Although historians have labelled Hampton an “outsider artist”, a more appropriate label might be prophet.
Hampton described his work as a monument to Jesus in Washington. It was made based on several religious visions that prompted him to prepare for Christ’s return to earth. Hampton wrote that God visited him often, that Moses appeared to him in 1931, the Virgin Mary in 1946, and Adam on the day of President Truman’s inauguration in 1949.
Want more background? Check out the video that inspired this article on YouTube.
But what does any of this have to do with statistics?
Stamp explains:
Hampton also left behind a notebook filled with more than 100 pages written in a mysterious script. This script has been dubbed “Hamptonese”. A partial page is pictured below.
Mark Stamp is the author of Hamptonese and Hidden Markov Models. Stamp, assisted by Ethan Le, went through the painstaking process of transcribing the notebook pages left by Hampton in an attempt to unlock their secrets.
Stamp writes:
This analysis shows that Hamptonese is not a simple substitution for English and provides some evidence that Hamptonese may be the written equivalent of “speaking in tongues”.
But statistics is all about the mathematics of extremely unlikely events. What if Hampton really was a prophet? What if “Hamptonese” really does contain divine revelations from some higher power?
If nothing else, this should be a fun excuse to work out our critical thinking and data science muscles.
Nerd note: The Python and R used for the following analysis can be found on github and I encourage those of you who can to check my work and let me know if you find any errors.
Sanity-Checking the Hamptonese Data
Let me begin with a huge “thank you” to Mark Stamp, and especially Ethan Le, for all their prior work on this subject. My initial goal was to replicate “Table 1. Hamptonese frequency counts” which is found on page 5 of Stamp’s paper.
Despite my best efforts, I was not able to replicate Stamp’s work exactly.

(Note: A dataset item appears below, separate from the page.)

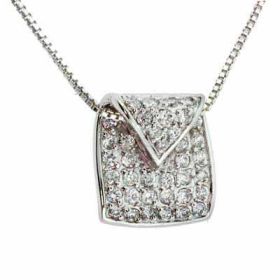 Sterling Silver Simulated Diamond CZ Pave Classic Pendant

Some Hamptonese tokens are simply unreadable, and marked (*). Others are uncertain, and prefaced with (#). Furthermore, Stamp’s frequency table contains only 42 distinct Hamptonese tokens. This excludes tokens found in the official key (including “d2” and “J2”) and also excludes tokens found in the raw text transcript (including “Y1” and “P3”).
I eventually settled on two different methods for Hamptonese analysis.
Method A: I used everything provided in the raw text transcript and included uncertain tokens (#).
Method B: I started with the same raw text transcript but excluded uncertain tokens (replaced with *). I also ignored any tokens that do not appear in Stamp’s frequency table (replaced with *).
As we can see in the below table, neither method matches the exact counts or ranks of Stamp’s frequency table. These disagreements in rank show that these differences are not insignificant. We proceed having acknowledged this.
Table: Hamptonese Character Distributions
The above table also includes the tokens found in Method A that were excluded from Stamp’s table. This includes a few tokens we can recognize as names in English, such as “John”, “Jesus” and “St. James”.
Below we see error per distinct token:
Compared to Stamp’s frequency table, we find Method A is missing a total of 237 tokens, but also includes 256 tokens omitted by Stamp. In comparison, Method B is missing 499 tokens (ignoring uncertain items). This is out of a total corpus of roughly 29,000 tokens (~1.7%).
Zipf’s Law
Let us assume for a moment that Hamptonese is a form of natural language.
Zipf’s Law states that:
given some corpus of natural language utterances, the frequency of any word is inversely proportional to its rank in the frequency table.
Mathematically speaking, we can “tune” a Zipfian distribution to specific data by adjusting the exponent (s) to find the best fit.
The simplest case of Zipf’s Law is a “1/f” function. Given a set of Zipfian distributed frequencies, sorted from most common to least common, the nth most common frequency will occur 1/n as often as the first.
To help visualize Zipf’s Law, consider the following plot:
Below we have plotted Zipf’s Law (blue, 1/n, “untuned”) against the data according to Stamp’s paper and our own Method A and Method B.
The above plot tells us some interesting things. To better visualize we will break the right plot (log transformed) in half:
Hamptonese appears to be fairly Zipfian, but only if we restrict our view to the 32 most common tokens. Past that, everything falls apart. We also find that as we approach rarer tokens (left to right) our own Method A and Method B disagree more, with both Stamp and each other.
Assuming the right tail is the result of dirty data, it is quite possible that (with some tuning) we may find Hamptonese could pass a Kolmogorov–Smirnov test and be formally proven as Zipfian. The temptation to ignore the right tail is considerable.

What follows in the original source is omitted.